# How do you pick your new foal's registered name? (Help a gal out?)



## Brendagun (Nov 17, 2012)

How do you personally pick a name? Based on color, markings, pedigree, or other outside factors? I'm expecting a foal in late March and have no clue what to name him/her. I know most people just mash together registry names, but somehow they come out so cute and clever- which I'm neither. :? The sire's name is Boogie Got Colonel Cash (Cash in a Dash x Colonel Hoke), and the dam's name is something like Ginger Pudden (I'm having a loss of memory). I can't think of anything clever, though. So far these are the notes I have:

Cash in for Ginger
Won Hot Number
Boogie Pie
Pudden is no Hokes 
Pudden on the Boogie

Some synonyms: buck, dough, pay
zing, penny, boogie, dance, shimmy, skip, jive, prance


----------



## KodasSlvrWings (Feb 5, 2014)

I just made both of my horse's names up 
Annie's Shootn' Mayfire 

Lakota's Silver Wings

My sister in laws qh is Ray Quick Cutter, her father was something Cutter and her mother was something Quick. I really like Cash in for Ginger!


----------



## JCnGrace (Apr 28, 2013)

I figured out what I wanted to call them first and then added some lineage names. This usually happened after they were born and I could see what their personality lent to their name. For example:

Mare was Foxys Good Gal by a stallion named Cash is Goodnuff, Sire=Painted Thunder Cloud

When the foal was born it was a colt and he was always running, I don't think he knew how to walk. Thus the name Flash was what he was dubbed with. Registered name Thunders Flashin Cash


----------



## PaintHorseMares (Apr 19, 2008)

We always pick names based on the lineage. If you plan to use a famous ancestor in the name, though, do some research with the registry and have other choices ready as your first choice may be used or too close to an existing name, e.g. we have mother/daughter "Impressive" line mares and it is almost impossible to come up with a foal name that is acceptable that includes anything similar to Impressive.
_Posted via Mobile Device_


----------



## rookie (May 14, 2012)

I agree we usually go with sire or dam's name and/or named after something with significance to us. My mare is Bert Flurry after a family friend who gave us the dam. For a while we were drawing on Irish heritage so we have some gaelic names and references to Ireland. 

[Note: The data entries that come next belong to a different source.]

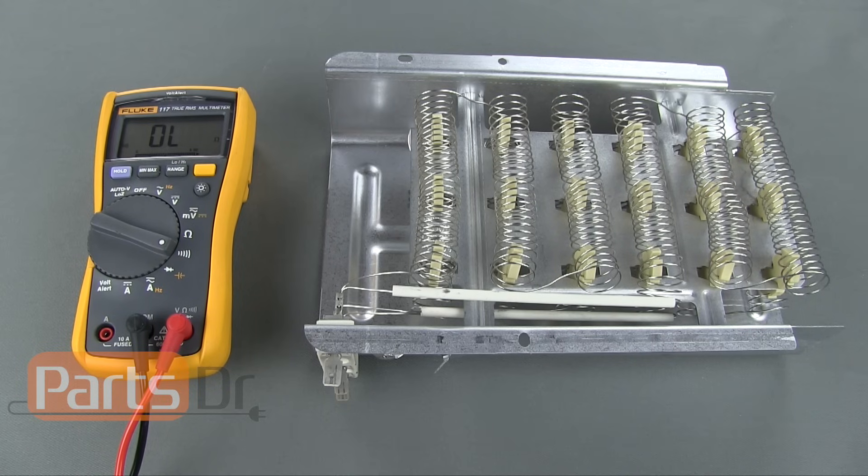Since a multi-coil element has separate heating coils, it is possible for one coil to be good and the other to be bad. If one of the coils is burned out, then the heating element will need to be replaced.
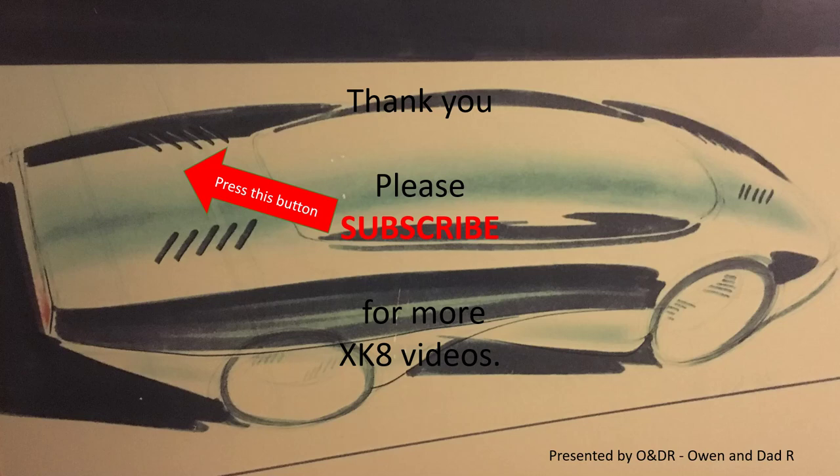That's all the fuses, relays, and their locations — the basic ones anyway. Thank you for watching. Please subscribe if you'd like to see more XK8 videos.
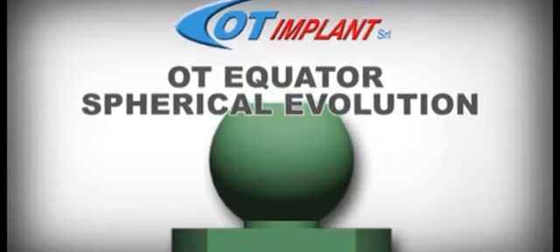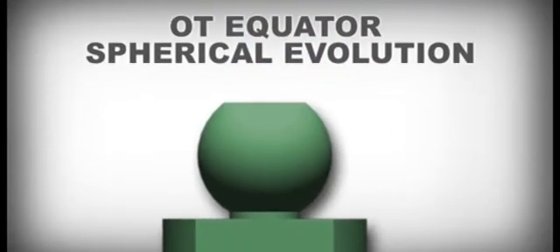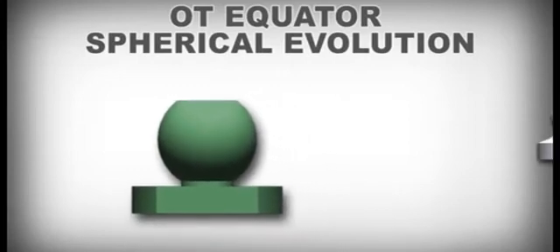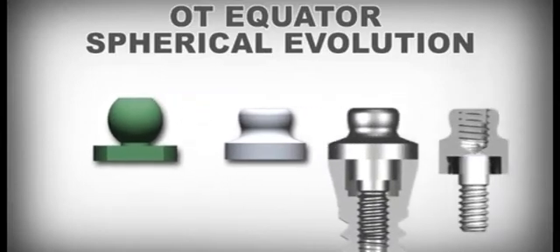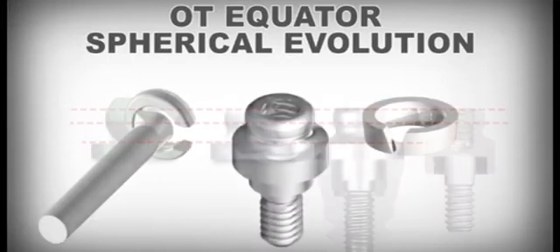OT Equator Spherical Evolution. Starting from the OT cap sphere, where the top part of the sphere was already missing, the head was further lowered in this project to retain only the part of the equator. Hence the attachment's name, OT Equator Biologic, where the divergence is used as retention using the Seeger spring.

Ginger Snap Cash is all I have


----------



## Brendagun (Nov 17, 2012)

The AQHA has a foal name search for future entries that shows already taken names. I didn't know they couldn't be similar? I saw instructions for naming on the site that included changing the spelling. This is my first time with a new foal, though. I heard you submit three names in case one can't be used?

I like the Ginger Snap idea! So far my favorite is Pudden on the Boogie, but I'll change my mind a million times.


----------



## SunnyDraco (Dec 8, 2011)

The purpose of the 3 name choices when submitting registration is so multiple horses are not registered with the exact name with the same spelling. Causes all sorts of problems when searching horses, progeny, accomplishments, and ownership 
_Posted via Mobile Device_


----------



## PaintHorseMares (Apr 19, 2008)

The AQHA allows you to pick 6 names (up to 20 characters) on the registration form. You can change the spelling of names, but they will not accept a name if it _sounds too similar_ to an existing name as they could create confusion, so the name search only gets you so far. Also, if none of your names are accepted for some reason, you can specify if you want the AQHA to pick a name for you or reject the application. If you really like a certain name, the best thing to do is call the AQHA and talk to the registration group. They can tell you if the name is acceptable or not.


----------



## Saddlebag (Jan 17, 2011)

So many horses are registered with each breed that it can be difficult to come up with something you like and that they will accept. 
Smokin Hot Ginger, Pudden on the Ritz


----------